- _SUPPLIED INFORMATION_:
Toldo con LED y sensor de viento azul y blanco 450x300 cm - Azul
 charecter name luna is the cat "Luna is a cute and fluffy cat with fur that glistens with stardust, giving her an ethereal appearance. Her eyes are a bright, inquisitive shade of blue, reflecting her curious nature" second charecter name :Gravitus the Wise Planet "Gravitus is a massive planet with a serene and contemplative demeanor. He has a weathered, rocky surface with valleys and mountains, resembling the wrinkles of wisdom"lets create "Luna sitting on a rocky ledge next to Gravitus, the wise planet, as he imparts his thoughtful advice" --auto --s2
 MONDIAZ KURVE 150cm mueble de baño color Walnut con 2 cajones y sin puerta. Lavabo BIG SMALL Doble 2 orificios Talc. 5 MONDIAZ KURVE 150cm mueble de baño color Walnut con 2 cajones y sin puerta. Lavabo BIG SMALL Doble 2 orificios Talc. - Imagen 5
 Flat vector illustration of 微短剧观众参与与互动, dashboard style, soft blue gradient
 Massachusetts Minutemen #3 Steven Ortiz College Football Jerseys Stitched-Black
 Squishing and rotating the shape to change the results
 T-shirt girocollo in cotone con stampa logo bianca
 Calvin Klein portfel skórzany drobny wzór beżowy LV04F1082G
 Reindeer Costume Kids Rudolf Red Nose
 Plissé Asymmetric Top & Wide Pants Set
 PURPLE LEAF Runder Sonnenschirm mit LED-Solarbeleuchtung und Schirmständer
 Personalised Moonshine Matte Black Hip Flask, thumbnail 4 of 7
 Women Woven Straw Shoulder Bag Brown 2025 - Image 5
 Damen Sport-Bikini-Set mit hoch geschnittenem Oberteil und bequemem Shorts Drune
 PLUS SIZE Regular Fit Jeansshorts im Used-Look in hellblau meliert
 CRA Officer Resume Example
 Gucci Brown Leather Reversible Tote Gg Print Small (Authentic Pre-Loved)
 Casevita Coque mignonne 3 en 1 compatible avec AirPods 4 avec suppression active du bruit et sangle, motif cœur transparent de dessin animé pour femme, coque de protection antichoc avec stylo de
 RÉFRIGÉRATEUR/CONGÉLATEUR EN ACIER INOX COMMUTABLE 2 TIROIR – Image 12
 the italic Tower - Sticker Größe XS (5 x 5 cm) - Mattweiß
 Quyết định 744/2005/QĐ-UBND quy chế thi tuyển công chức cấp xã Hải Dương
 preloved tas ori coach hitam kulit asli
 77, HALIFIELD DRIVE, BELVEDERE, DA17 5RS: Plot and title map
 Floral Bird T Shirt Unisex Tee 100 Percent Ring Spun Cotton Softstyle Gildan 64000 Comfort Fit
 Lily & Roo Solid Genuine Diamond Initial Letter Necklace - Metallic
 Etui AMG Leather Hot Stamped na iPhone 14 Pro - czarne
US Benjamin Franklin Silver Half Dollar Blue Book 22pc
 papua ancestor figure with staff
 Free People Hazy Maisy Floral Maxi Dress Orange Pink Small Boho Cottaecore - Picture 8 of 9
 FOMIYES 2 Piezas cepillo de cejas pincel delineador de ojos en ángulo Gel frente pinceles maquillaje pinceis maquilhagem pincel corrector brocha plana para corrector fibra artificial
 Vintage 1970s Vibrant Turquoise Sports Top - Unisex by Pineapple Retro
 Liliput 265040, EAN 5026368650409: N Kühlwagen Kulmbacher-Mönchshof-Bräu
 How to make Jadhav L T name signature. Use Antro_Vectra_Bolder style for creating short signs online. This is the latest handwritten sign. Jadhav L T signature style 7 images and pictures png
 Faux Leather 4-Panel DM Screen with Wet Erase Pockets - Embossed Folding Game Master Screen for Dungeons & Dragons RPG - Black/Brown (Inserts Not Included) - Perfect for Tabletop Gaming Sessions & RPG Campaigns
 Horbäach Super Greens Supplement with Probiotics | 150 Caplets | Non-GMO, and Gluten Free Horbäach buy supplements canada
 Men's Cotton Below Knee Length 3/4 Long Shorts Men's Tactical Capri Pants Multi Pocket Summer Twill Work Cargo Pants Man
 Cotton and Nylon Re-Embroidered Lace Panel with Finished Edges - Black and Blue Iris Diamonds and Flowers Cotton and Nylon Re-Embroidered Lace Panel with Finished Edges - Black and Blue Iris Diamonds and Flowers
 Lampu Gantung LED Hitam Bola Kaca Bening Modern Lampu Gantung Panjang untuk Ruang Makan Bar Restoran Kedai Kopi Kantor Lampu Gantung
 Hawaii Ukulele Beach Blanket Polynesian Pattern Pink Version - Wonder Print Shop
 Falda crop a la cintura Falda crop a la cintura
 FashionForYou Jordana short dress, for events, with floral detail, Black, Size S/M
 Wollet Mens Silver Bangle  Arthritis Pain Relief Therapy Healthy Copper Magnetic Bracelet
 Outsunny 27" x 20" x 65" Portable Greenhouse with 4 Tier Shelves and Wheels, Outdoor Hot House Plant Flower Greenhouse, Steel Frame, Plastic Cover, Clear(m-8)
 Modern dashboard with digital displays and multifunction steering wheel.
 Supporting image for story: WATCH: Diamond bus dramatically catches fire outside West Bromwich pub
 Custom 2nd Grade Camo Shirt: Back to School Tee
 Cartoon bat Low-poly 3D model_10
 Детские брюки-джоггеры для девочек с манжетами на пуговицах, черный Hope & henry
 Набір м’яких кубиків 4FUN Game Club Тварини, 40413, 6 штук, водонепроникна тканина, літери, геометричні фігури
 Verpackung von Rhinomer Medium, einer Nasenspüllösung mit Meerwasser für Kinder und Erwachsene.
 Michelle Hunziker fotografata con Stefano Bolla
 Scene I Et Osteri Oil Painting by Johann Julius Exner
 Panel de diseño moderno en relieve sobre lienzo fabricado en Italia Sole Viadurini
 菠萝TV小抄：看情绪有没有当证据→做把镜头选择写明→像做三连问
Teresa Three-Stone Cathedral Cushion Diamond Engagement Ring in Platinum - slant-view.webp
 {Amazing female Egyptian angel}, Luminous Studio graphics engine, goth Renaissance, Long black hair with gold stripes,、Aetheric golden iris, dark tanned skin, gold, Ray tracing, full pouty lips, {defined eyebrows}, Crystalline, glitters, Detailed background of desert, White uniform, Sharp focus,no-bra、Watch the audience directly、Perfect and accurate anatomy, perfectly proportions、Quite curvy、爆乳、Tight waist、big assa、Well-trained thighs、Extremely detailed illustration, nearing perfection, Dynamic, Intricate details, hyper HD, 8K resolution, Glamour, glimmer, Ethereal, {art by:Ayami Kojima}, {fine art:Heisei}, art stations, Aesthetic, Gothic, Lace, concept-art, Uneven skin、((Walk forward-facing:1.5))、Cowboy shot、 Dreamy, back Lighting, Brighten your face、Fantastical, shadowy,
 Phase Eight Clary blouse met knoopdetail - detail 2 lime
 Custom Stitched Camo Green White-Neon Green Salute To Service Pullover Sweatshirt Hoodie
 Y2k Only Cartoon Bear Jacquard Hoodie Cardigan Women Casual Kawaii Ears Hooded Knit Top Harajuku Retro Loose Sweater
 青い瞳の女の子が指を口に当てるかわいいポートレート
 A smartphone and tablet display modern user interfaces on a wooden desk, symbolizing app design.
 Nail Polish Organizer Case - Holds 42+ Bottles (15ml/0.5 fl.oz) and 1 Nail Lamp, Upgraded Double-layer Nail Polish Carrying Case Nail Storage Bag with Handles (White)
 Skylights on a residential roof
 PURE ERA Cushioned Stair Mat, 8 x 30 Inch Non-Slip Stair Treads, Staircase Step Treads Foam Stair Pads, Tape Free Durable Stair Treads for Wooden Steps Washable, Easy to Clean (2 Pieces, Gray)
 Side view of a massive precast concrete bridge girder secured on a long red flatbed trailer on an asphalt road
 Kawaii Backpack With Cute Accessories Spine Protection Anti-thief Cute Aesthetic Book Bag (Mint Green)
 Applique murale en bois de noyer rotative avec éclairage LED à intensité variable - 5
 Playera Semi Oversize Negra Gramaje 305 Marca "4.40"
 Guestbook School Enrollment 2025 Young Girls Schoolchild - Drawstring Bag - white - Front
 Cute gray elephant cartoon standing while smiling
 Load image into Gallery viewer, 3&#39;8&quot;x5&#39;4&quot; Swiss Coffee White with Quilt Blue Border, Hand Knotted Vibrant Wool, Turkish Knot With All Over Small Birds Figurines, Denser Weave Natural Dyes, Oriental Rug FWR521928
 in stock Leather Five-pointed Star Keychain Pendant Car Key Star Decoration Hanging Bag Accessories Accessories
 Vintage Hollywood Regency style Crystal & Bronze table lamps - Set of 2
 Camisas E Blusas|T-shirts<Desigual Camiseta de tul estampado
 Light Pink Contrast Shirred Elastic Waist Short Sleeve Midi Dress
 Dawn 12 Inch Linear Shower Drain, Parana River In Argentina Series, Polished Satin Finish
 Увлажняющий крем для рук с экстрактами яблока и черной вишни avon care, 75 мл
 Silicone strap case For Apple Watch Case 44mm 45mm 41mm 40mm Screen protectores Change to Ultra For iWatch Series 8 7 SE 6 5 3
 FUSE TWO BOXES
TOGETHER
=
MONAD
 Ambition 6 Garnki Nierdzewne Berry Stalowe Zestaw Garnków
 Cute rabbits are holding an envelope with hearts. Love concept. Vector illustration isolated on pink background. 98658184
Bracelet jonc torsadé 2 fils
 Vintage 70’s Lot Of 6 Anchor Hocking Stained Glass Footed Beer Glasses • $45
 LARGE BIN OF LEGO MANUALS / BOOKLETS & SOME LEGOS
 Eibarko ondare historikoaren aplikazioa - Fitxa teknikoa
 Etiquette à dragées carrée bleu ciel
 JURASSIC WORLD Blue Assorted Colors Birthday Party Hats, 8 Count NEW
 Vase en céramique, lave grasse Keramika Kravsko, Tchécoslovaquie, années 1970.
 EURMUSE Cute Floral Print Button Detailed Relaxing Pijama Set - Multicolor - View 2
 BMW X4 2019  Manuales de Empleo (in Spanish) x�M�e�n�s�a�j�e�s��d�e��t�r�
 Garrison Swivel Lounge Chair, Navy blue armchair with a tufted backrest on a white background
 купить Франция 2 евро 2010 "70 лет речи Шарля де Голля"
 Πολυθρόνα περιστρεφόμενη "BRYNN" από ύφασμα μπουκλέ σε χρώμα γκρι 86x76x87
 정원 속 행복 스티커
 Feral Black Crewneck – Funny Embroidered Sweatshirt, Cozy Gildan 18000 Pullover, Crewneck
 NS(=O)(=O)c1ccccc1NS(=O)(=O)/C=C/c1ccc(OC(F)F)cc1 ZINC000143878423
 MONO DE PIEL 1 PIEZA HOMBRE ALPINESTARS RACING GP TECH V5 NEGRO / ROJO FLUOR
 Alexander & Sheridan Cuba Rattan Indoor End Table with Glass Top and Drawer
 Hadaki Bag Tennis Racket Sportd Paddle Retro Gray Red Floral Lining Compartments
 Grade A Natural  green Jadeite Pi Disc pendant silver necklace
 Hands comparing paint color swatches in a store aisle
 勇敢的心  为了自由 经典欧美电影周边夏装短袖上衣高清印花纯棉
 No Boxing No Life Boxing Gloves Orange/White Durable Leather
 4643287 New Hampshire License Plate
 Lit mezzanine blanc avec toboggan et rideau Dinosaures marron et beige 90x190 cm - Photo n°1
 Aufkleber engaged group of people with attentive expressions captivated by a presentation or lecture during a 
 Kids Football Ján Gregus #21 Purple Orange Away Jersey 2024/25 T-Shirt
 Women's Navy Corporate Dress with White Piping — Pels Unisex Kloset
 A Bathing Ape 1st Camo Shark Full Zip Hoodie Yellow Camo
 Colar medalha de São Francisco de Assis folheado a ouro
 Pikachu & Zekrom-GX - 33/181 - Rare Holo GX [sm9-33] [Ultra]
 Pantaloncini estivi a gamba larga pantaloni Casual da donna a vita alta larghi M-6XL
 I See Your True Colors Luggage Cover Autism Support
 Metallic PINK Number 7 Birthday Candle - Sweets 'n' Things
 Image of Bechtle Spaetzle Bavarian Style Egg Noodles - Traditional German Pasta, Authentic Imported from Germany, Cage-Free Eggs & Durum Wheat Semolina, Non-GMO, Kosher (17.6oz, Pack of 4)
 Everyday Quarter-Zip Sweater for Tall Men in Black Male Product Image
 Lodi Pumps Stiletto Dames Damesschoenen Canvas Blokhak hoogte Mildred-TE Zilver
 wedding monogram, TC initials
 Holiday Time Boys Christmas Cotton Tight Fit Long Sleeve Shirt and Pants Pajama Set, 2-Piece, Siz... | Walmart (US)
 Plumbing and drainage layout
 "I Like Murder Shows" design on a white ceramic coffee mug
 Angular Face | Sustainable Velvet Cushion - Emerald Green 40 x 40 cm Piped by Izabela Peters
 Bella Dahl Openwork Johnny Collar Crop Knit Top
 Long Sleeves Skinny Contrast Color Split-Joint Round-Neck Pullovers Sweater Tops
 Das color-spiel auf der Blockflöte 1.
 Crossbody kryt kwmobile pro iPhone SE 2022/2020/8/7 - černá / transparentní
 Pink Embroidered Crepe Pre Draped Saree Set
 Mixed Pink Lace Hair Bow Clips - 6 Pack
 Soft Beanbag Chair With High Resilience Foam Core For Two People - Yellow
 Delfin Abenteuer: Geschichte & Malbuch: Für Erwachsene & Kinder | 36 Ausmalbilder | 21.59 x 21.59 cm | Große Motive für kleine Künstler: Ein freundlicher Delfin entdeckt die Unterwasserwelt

- _WHAT THIS TASK INVOLVES_:
Retype, exactly and in full, the lines above from the one containing "Women Woven Straw" through the one containing "Quyết định 744/2005/QĐ-UBND".

- _OUTPUT_:
 Women Woven Straw Shoulder Bag Brown 2025 - Image 5
 Damen Sport-Bikini-Set mit hoch geschnittenem Oberteil und bequemem Shorts Drune
 PLUS SIZE Regular Fit Jeansshorts im Used-Look in hellblau meliert
 CRA Officer Resume Example
 Gucci Brown Leather Reversible Tote Gg Print Small (Authentic Pre-Loved)
 Casevita Coque mignonne 3 en 1 compatible avec AirPods 4 avec suppression active du bruit et sangle, motif cœur transparent de dessin animé pour femme, coque de protection antichoc avec stylo de
 RÉFRIGÉRATEUR/CONGÉLATEUR EN ACIER INOX COMMUTABLE 2 TIROIR – Image 12
 the italic Tower - Sticker Größe XS (5 x 5 cm) - Mattweiß
 Quyết định 744/2005/QĐ-UBND quy chế thi tuyển công chức cấp xã Hải Dương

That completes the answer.